Hello readers,
Michael here, and in today’s lesson, we’re gonna try something special! For one, we’re going back to this blog’s statistical roots with a linear regression post; I covered linear regression with R in the way, way back of 2018 (R Lesson 6: Linear Regression) on this blog, so I thought I’d show you how to work the linear regression process in Python. Two, I’m going to try something I don’t normally do, which is predict the future. In this case, the future being the results of the just-beginning 2024-25 NBA season. Why try to predict NBA results you might ask? Well, for one, I wanted to try something new on this blog (hey, gotta keep things fresh six years in), and for two, I enjoy following along with the NBA season. Plus, I enjoyed writing my post on the 2020 NBA playoffs-R Analysis 10: Linear Regression, K-Means Clustering, & the 2020 NBA Playoffs.
Let’s load our data and import our packages!
Before we get started on the analysis, let’s first load our data into our IDE and import all necessary packages:
import pandas as pd
from sklearn.model_selection import train_test_split
from pandas.core.common import random_state
from sklearn.linear_model import LinearRegression
You’re likely quite familiar with pandas but for those of you that don’t know, sklearn is an open-source Python library commonly used for machine learning projects (like the linear regression we’re about to do)!
A note about uploading files via Google Colab
Once we import our necessary packages, the next thing we should do is upload the data-frame we’ll be using for this analysis.
This is the file we’ll be using; it contains team statistics such as turnovers (team total) and wins for all 30 NBA teams for the last 10 seasons (2014-15 to 2023-24). The data was retrieved from basketball-reference.com, which is a great place to go if you’re looking for juicy basketball data to analyze. This site comes from https://www.sports-reference.com/, which contains statistics on various sports from NBA to NFL to the other football (soccer for Americans), among other sports.
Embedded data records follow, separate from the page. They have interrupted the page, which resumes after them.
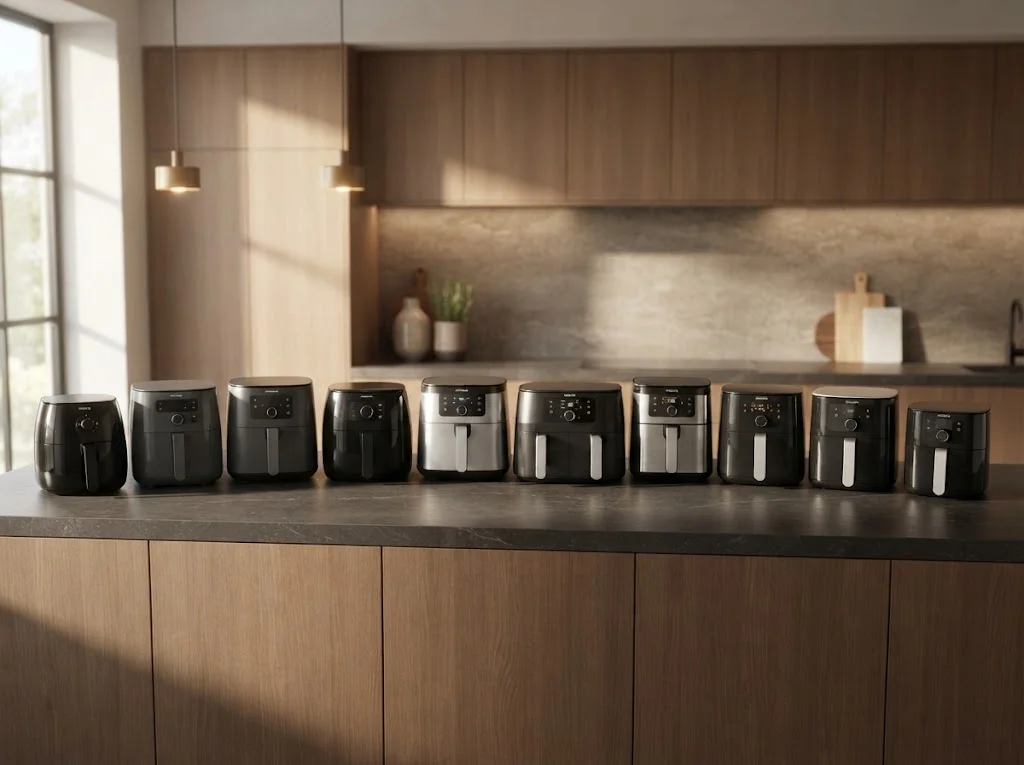 air fryer philips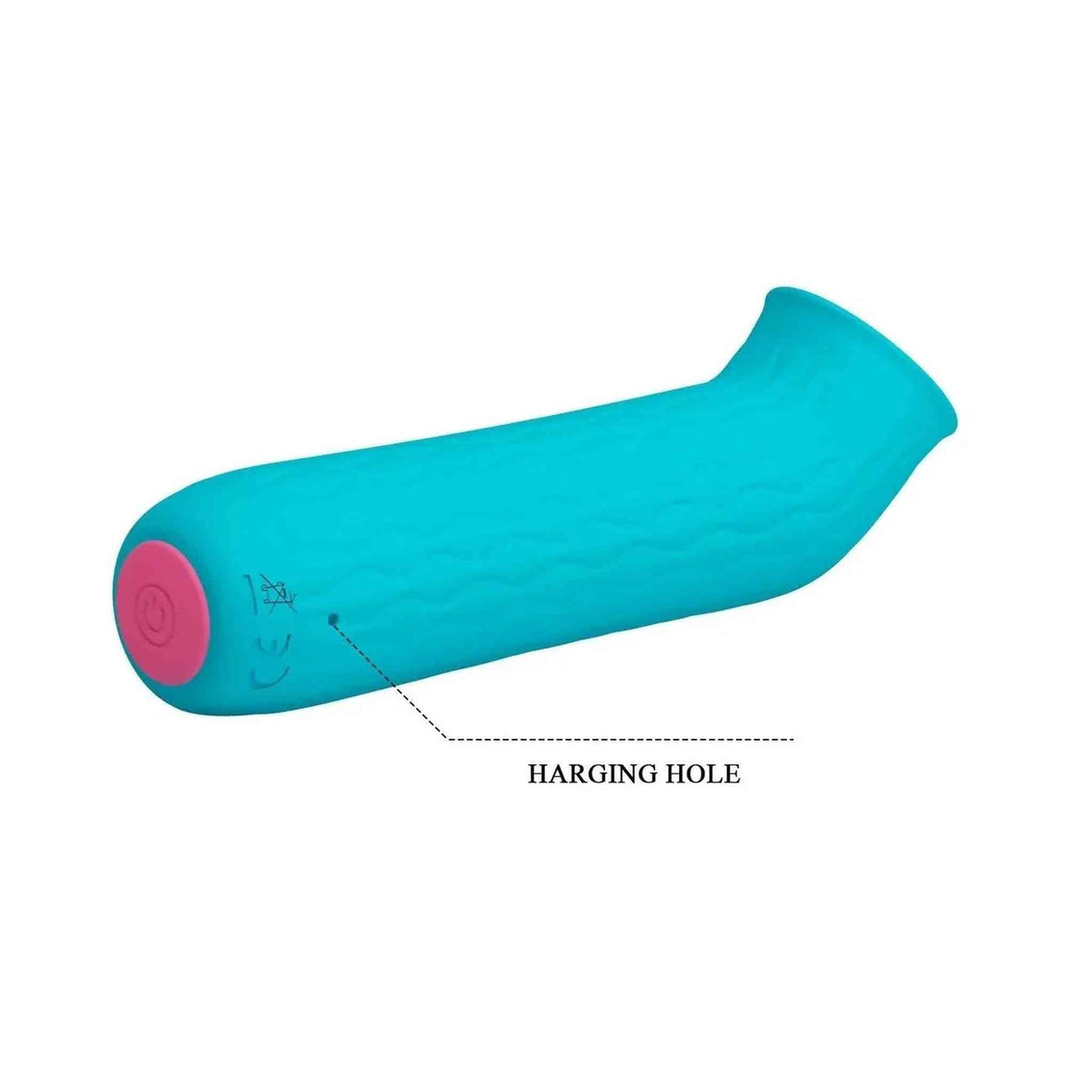 Ford Succhiaclitoride in Silicone con 12 programmi e Memory Function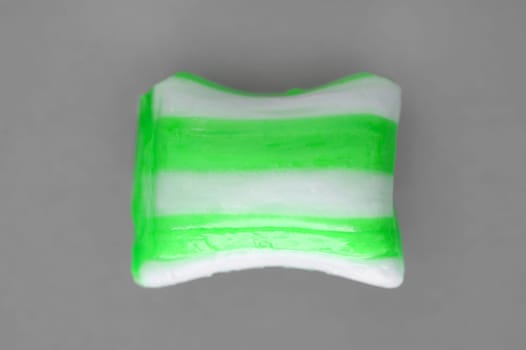 A close up shot of boiled sweets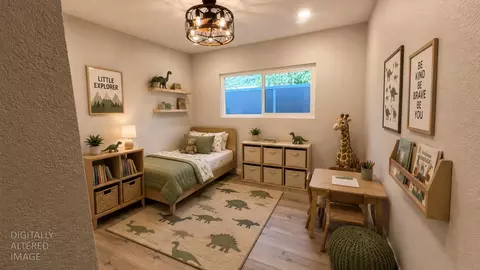 Bedroom - 417 Mount Everest Ct, Modesto, CA 95358 photo 6 of 6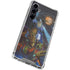 Twilight Tempest Wizard by Ed Beard Jr Galaxy S23 FE Clear Case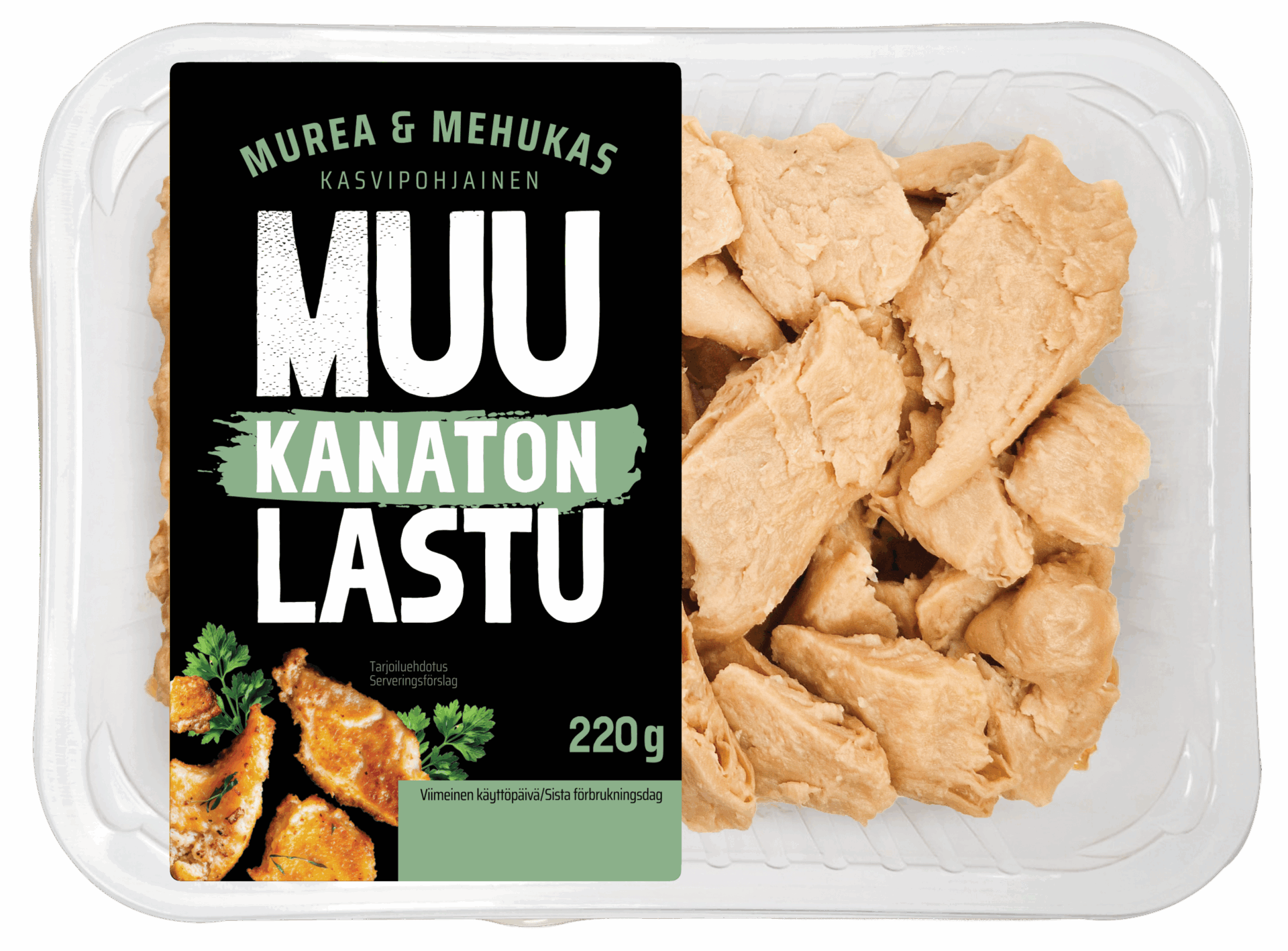 MUU Kanaton Lastu • Meeat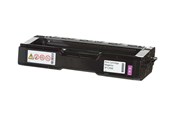 Inkt, toner en verbruiksartikelen - Ricoh - Magenta - Original - tonerpatron - 407545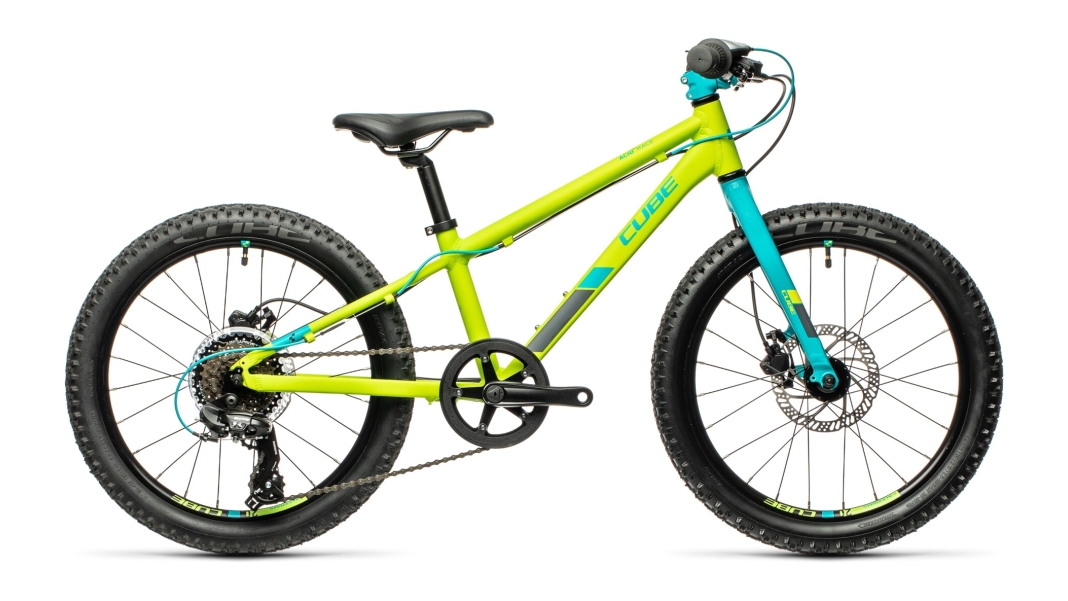 Acid 200 Disc green´n´petrol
Now, since I used Google Colab for this analysis, I’ll show you how to upload Excel files into Colab (a different process from uploading Excel files into other IDEs):

To import local files into Google Colab, you’ll need to include the lines from google.colab import files and uploaded = files.upload() in the notebook since, for some odd reason, Google Colab won’t let you upload local files directly into your notebook. Once you run these two lines of code, you’ll need to select a file from the browser tool that you want to upload to Colab.
Next (and ideally in a separate cell), you’ll need to add the lines import io and dataframe = pd.read_csv(io.BytesIO(uploaded['dataframe name'])) to the notebook and run the code. This will officially upload your data-frame to your Colab notebook.
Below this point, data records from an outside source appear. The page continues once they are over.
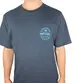 Camiseta Rip Curl Staple Petrol Blue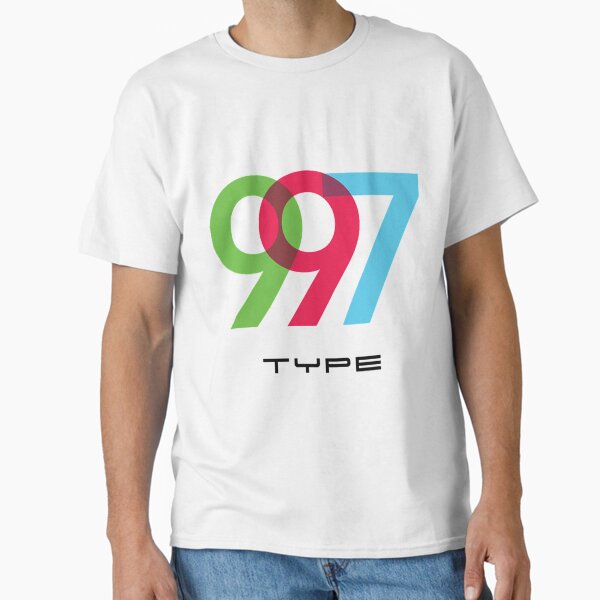 Item preview, Porsche type 997 designed and sold by adonisshirtshop.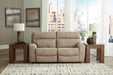 Next-Gen DuraPella Power Reclining Sectional Loveseat - Furniture Bros & Mattress (Bolingbrook, IL)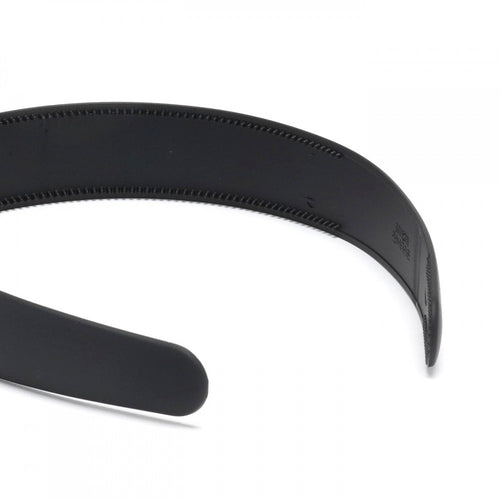 Haarreif 2,5 cm - Neutrale Farben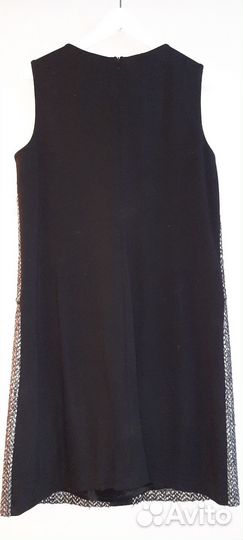 Платье 46-48 размер трикотажное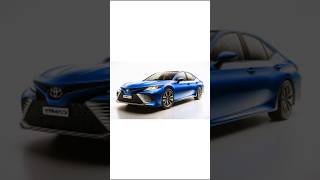 What is Your Favorite Car Color for 2025 Toyota Camry [upl. by Daberath]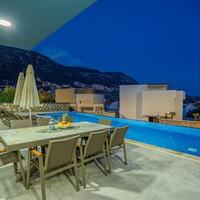 Villa Özgen Duo – villa for rent in Kalamar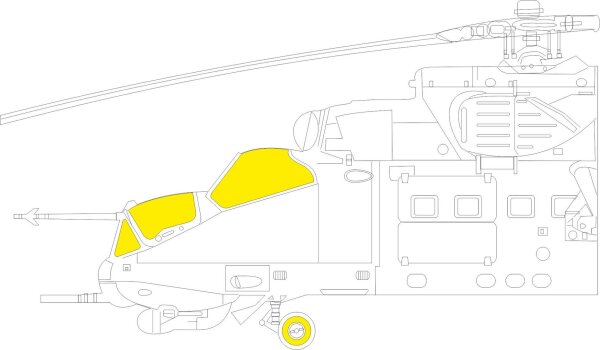 MiL Mi-35M (Zvezda)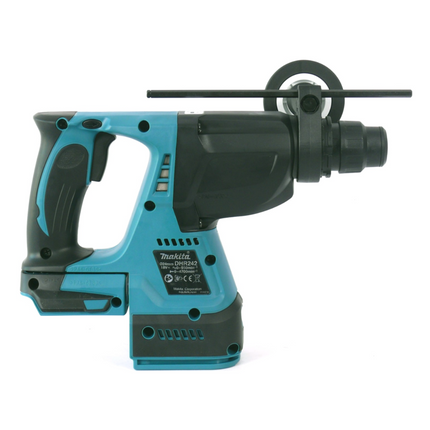 Makita DHR 242 RF1J Marteau perforateur sans fil 18V 2,4J SDS-plus Brushless + 1x batterie 3,0Ah + chargeur + Makpac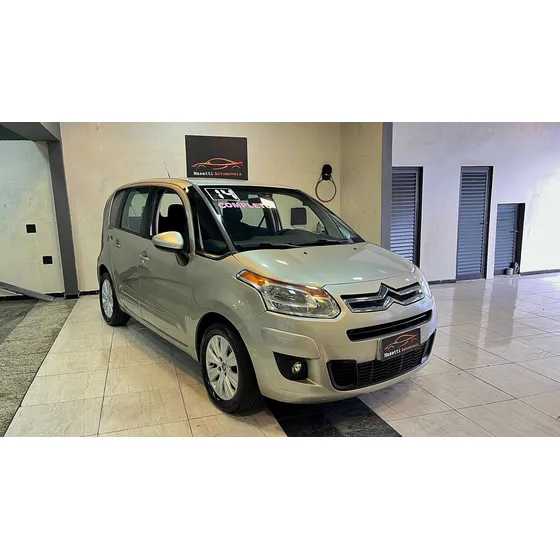 Citroën C3 Picasso 1.5 Glx Flex 5p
- Yes, I know it’s annoying, but that’s just how Colab works. If you’re not using Colab to follow along with me, feel free to skip this section as a simple
pd.read_csv()will do the trick to upload your data-frame onto the IDE.
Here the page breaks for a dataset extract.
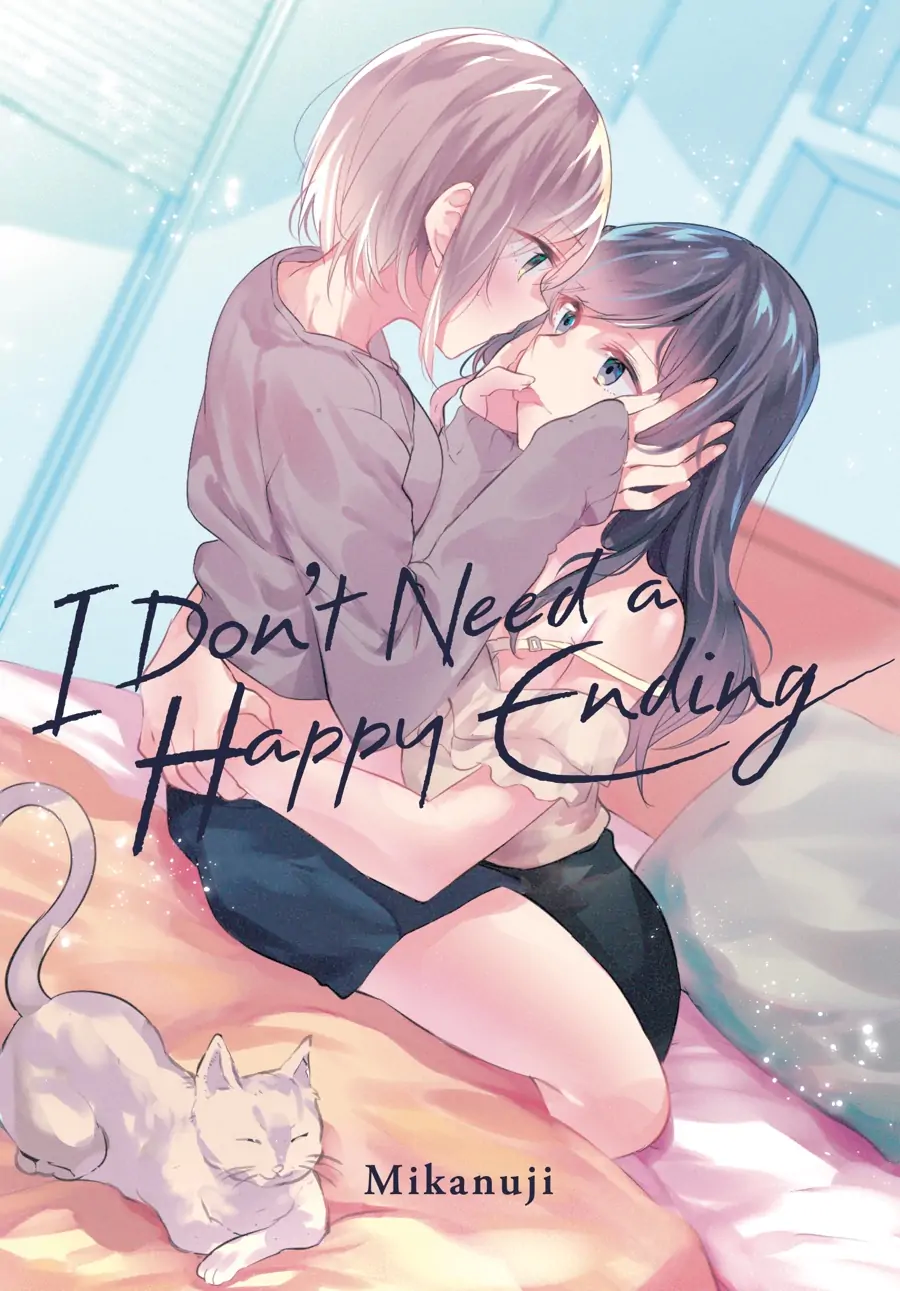 I Don't Need a Happy Ending: A collection of short stories Chapter 1 - page 2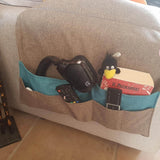 Sofaliebe - Der Organizer Fürs Sofa Mit Integriertem Kissen - Schnittmuster - Sewando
Let’s learn about our data-frame!
Now that we’ve uploaded our data-frame into the IDE, let’s learn more about it!
NBA.info()
<class 'pandas.core.frame.DataFrame'>
RangeIndex: 300 entries, 0 to 299
Data columns (total 31 columns):
# Column Non-Null Count Dtype
--- ------ -------------- -----
0 Season 300 non-null object
1 Team 300 non-null object
2 W 300 non-null int64
3 L 300 non-null int64
4 Finish 300 non-null int64
5 Age 300 non-null float64
6 Ht. 300 non-null object
7 Wt. 300 non-null int64
8 G 300 non-null int64
9 MP 300 non-null int64
10 FG 300 non-null int64
11 FGA 300 non-null int64
12 FG% 300 non-null float64
13 3P 300 non-null int64
14 3PA 300 non-null int64
15 3P% 300 non-null float64
16 2P 300 non-null int64
17 2PA 300 non-null int64
18 2P% 300 non-null float64
19 FT 300 non-null int64
20 FTA 300 non-null int64
21 FT% 300 non-null float64
22 ORB 300 non-null int64
23 DRB 300 non-null int64
24 TRB 300 non-null int64
25 AST 300 non-null int64
26 STL 300 non-null int64
27 BLK 300 non-null int64
28 TOV 300 non-null int64
29 PF 300 non-null int64
30 PTS 300 non-null int64
dtypes: float64(5), int64(23), object(3)
memory usage: 72.8+ KB
Running the NBA.info() command will allow us to see basic information about all 31 columns in our data-frame (such as column names, amount of records in dataset, and object type).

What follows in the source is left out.